April 5, 2007
Google Launching into the TV Advertising Realm

Google has made a major step forward in moving its adverting system into the television industry this week, through a partnership with Echostar.

Daisy Whitney with TelevisionWeek reported Monday that the company unveiled "its first foray into TV advertising via a partnership to broker ads for satellite provider Echostar that will effectively bring online measurability and accountability to TV ads for the first time."

The purported claim from Google is that their advertising services are meant to coexist with traditional forms of advertising buying but wanted to move that process more toward efficiency. According to the TVWeek story, "The advertiser pays Google and Google shares the revenue with the operator. The advertiser will only pay for impressions delivered." The spots are auctioned off, with the highest bidder winning and paying one penny more than the second highest bidder. Google will then use Echostar's ability to measure commercial viewing second-by-second to show exactly how that commercial fared, focusing on the individual commercial rather than the rating for the show it airs in conjunction with.

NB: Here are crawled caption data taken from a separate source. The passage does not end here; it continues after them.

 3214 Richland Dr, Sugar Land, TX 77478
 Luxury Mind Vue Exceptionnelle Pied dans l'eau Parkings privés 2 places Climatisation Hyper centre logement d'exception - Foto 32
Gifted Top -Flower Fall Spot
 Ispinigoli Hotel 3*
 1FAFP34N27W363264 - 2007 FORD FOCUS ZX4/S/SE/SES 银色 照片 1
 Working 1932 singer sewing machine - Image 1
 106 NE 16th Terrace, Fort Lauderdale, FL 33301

Contrast this plan with the constant bickering over Nielsen commercial ratings.

The Google announcement emphasizes that the new process will give viewers ads more relevant to what they want to see, make advertising more accountable for its dollars, bring more advertisers to television, and create a more efficient model overall. "With Google TV ads, the entire process is automated--from planning the campaign to uploading and serving the ad to reporting on its effectiveness."

While more accountable television advertising and real second-by-second measurement certainly sounds like an improvement on the predominant system we currently have in place, there have been a lot of valid concerns raised, including from Joe at Techdirt, who writes, "While Google may be able to give good statistics on how many people have viewed an ad, unlike with its online ad sales, it won't be in a position to give advertisers a good idea of how well their ads are turning into sales, the true measure of an ad's performance."

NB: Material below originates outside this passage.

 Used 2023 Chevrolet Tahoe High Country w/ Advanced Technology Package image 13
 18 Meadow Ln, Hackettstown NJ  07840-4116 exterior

Whitney writes, "Whether Google's entrance into TV advertising becomes a watershed moment for advertising in the way the introduction of TiVo a decade ago was remains to be seen. However, Google appears to be a shoe-in to address some of the oft-repeated concerns of TV advertisers--better measurement and more accountability."

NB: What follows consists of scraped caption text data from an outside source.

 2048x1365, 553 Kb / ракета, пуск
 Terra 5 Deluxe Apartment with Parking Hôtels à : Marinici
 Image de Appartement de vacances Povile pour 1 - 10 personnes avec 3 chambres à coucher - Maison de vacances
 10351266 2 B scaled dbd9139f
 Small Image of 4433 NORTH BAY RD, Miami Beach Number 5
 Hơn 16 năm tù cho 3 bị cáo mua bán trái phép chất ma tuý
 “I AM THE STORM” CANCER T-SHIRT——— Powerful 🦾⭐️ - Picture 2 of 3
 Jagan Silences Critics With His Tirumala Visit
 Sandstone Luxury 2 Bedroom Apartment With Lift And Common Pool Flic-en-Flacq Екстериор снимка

My concerns move beyond Joe's and into what measurement means. Even if Google provides one with precise ways to understand what users do, the problem is in the assumption that user behavior is the metric that matters. For advertisers, Joe is quite right that sales, in the end, are the only metric that truly matters. But I would further argue that, disconnect to sales behind, knowing what customers do doesn't tell me much about their engagement but rather what is happening on their television screen. It is still not measuring depth of engagement with the content or the advertising, which I think tells very little of the story. Sometimes I like to have noise on in my house and leave a TV on. Other times, I'm riveted while watching TV and can't take my eyes off the screen. Behaviorist reporting of what is on the screen tells us what but now why or how, and I think those qualitative questions, the ones that are not quite as easy to come up with some cure-all metric for, are the ones that get to the heart of user engagement.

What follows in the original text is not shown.